Prosecution against mobile crane operator dropped

Darren Finnegan, instructed by David Ollivere of Lyons Davidson solicitors, represented a company which operated mobile cranes at a first appearance before the Magistrates’.

Traffic police had stopped a five-axle mobile crane which, due to its size and weight required a Movement Notification. The police measured the vehicle and looked at one of the plating certificates on the side of the crane. The officer decided that the ‘Maximum Axle Weight’ meant the actual weight of the vehicle before him. This error led the police to believe that the vehicle was over 12 tonnes heavier than it was.

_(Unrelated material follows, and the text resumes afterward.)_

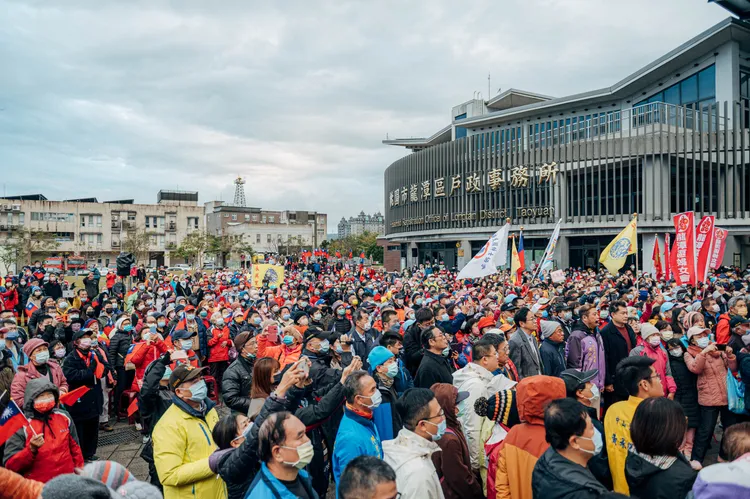 今年「龍潭升旗典禮」由議員徐玉樹籌款在區公所前廣場舉辦，許多民眾到場參加。桃園市政府提供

From this, the Movement Notification was deemed to have been invalid and the operator was prosecuted for operating a vehicle being in excess of Construction & Use width and length limits (they having deemed the vehicle to have fallen outside the STGO).

Darren pressed these observations on the court and the prosecution at the first appearance and briefly highlighted that no offence had been committed and that the prosecution was entirely based on the police’s misinterpretation of vehicle weights and that there was no evidence of the vehicle’s supposed dimensions.

The case was, after some delay and without further hearings, discontinued by the prosecution.

This case is added to a long list of inventive prosecutions brought against the operators of vehicles operating under STGO and, in particular, the operators of mobile cranes which fall into STGO.

Lincoln House Chambers, Darren and Richard in particular, have dealt with a number of such cases. Any case involving an interpretation of the Construction and Use Regulations and the STG Order is rather complex and benefits from expert representation. David Ollivere similarly is a specialist corporate and regulatory criminal solicitor.